11.5.4 Third Party Payments. The Parties, working through the JIPT, shall determine whether any Patent Rights Controlled by a Third Party are necessary or useful for the development and commercialization of Products. Roche and PTC shall each bear [**] percent ([**]%) of costs (including without limitation upfront payments, milestones and royalties) with respect to any license for any Third Party Patent Right that the JIPT (or Roche in its exercise of its final decision-making authority thereunder) reasonably determines is necessary for the development and commercialization of Products, and shall agree in good faith through the JIPT on the allocation of such costs with respect to any license for any Third Party Patent Right that is useful (but not necessary) for the development and commercialization of Products; provided that in no event shall PTC be required to pay any such costs except through a deduction from royalties payable by Roche to PTC hereunder, and no such royalty payable shall be reduced as a result of the allocation agreed by the JIPT in accordance with this Section 11.5.4 by more than [**] percent ([**]%) of the amount otherwise due to PTC with respect to the applicable Net Sales.

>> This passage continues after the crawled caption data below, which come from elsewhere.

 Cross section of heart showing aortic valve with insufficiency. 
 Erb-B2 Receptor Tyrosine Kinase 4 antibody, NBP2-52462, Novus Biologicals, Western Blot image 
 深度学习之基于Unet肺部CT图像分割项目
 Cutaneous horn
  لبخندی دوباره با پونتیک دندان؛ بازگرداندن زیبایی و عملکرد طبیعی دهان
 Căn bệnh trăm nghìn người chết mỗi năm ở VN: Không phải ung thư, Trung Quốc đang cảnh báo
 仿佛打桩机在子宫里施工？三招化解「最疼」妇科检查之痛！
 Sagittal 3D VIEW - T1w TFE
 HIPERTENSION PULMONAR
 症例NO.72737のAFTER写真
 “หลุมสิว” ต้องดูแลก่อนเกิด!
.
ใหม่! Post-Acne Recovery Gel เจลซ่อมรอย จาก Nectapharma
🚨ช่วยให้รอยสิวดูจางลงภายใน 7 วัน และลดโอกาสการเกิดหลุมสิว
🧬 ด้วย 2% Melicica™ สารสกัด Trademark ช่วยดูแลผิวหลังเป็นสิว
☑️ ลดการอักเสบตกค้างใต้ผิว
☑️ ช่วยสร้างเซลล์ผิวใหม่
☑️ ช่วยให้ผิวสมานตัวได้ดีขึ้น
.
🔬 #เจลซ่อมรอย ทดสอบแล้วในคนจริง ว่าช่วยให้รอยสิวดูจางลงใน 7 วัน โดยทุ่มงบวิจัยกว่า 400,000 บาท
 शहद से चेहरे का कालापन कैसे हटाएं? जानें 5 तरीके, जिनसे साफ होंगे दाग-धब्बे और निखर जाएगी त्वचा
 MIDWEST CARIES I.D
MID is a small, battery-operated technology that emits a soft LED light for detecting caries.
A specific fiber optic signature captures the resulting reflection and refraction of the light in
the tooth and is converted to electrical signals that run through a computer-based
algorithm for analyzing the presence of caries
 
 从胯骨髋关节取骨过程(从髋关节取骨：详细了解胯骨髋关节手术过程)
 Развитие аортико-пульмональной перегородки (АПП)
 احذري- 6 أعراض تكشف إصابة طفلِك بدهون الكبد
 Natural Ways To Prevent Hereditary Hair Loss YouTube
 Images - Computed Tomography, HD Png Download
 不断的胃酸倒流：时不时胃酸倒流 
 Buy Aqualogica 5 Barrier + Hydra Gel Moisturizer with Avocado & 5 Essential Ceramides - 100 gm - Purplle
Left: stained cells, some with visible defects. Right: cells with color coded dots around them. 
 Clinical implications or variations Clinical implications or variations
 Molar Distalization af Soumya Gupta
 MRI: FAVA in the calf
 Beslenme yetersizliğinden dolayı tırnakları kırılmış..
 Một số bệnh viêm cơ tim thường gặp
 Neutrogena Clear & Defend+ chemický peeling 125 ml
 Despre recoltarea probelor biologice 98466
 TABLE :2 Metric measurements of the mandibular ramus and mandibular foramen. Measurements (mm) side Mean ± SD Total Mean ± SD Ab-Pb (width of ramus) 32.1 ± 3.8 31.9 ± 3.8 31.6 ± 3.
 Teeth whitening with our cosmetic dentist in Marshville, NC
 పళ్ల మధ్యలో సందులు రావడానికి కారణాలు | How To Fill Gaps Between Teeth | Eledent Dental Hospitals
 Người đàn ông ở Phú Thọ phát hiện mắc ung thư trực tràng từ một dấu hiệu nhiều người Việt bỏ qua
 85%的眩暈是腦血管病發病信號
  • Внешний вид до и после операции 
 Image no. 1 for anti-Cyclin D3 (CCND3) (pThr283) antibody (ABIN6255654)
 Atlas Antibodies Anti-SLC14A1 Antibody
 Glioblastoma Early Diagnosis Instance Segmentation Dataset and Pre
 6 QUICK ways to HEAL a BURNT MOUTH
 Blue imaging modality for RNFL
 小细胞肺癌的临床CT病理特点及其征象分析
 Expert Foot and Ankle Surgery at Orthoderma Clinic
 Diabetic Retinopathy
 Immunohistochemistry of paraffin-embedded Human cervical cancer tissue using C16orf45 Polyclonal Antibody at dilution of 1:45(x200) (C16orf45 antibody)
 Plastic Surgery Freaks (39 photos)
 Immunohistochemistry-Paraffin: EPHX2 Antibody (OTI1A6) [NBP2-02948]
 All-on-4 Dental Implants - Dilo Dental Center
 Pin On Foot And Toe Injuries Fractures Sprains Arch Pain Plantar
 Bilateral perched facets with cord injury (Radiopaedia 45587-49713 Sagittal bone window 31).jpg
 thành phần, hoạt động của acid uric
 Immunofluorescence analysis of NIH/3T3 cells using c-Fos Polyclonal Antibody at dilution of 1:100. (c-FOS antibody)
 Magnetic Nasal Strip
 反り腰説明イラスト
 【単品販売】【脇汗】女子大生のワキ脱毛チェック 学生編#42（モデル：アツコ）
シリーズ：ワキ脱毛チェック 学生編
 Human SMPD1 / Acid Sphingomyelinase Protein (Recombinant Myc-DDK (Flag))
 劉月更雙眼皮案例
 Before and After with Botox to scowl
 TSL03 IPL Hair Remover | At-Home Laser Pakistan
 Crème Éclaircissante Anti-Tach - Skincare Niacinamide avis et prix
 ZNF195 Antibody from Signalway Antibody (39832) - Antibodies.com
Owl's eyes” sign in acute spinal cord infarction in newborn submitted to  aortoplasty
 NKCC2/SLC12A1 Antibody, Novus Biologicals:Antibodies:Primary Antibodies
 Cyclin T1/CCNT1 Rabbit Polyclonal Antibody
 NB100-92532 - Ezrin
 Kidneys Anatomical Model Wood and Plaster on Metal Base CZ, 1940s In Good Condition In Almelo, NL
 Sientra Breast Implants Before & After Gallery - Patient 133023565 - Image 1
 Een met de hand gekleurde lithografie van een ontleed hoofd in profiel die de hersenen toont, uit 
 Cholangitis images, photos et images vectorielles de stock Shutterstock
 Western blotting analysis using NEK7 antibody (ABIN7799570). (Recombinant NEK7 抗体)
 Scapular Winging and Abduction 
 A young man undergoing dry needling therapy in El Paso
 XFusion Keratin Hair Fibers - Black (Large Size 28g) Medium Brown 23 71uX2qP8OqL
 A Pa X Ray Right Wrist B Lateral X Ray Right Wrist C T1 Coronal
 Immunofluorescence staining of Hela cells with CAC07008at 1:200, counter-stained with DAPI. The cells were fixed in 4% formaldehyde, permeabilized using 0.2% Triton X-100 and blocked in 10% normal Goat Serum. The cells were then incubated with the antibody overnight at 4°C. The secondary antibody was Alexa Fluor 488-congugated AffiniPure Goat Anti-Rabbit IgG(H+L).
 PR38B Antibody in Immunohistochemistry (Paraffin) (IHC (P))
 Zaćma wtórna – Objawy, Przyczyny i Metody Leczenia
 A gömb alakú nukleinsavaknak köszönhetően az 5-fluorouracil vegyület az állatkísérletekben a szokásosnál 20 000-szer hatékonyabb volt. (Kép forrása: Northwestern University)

11.5.5 Anti-Stacking. In no event shall the combined effect of the applicable reductions pursuant to Sections 11.5.3 and 11.5.4 reduce the royalties payable to PTC below [**] percent ([**]%) of the amount otherwise payable to PTC pursuant to Section 11.5.1 or 11.5.2, as applicable. If the amount of the reduction Roche is otherwise entitled to pursuant to Sections 11.5.3 and 11.5.4 is limited by the preceding sentence, Roche shall be entitled to deduct amounts from any subsequent royalty payment(s) (subject to the [**] percent ([**]%) floor in the preceding sentence) until the entire amount of the reduction to which Roche is otherwise entitled has been so deducted.
11.5.6 Sales Prior to Regulatory Approval. If any member of the Roche Group sells Product(s) to any Third Party prior to Regulatory Approval for more than nominal consideration (“Pre-Approval Sales”), then royalties shall be payable in accordance with Sections 11.5.1 through 11.5.5 with respect to Net Sales received in connection with such Pre-Approval Sales of Product(s) in the Territory by any member of the Roche Group on a country-by-country basis commencing upon the first such Pre-Approval Sale of such Product in any country in the Territory and continuing until the First Commercial Sale of such Product in such country in the Territory.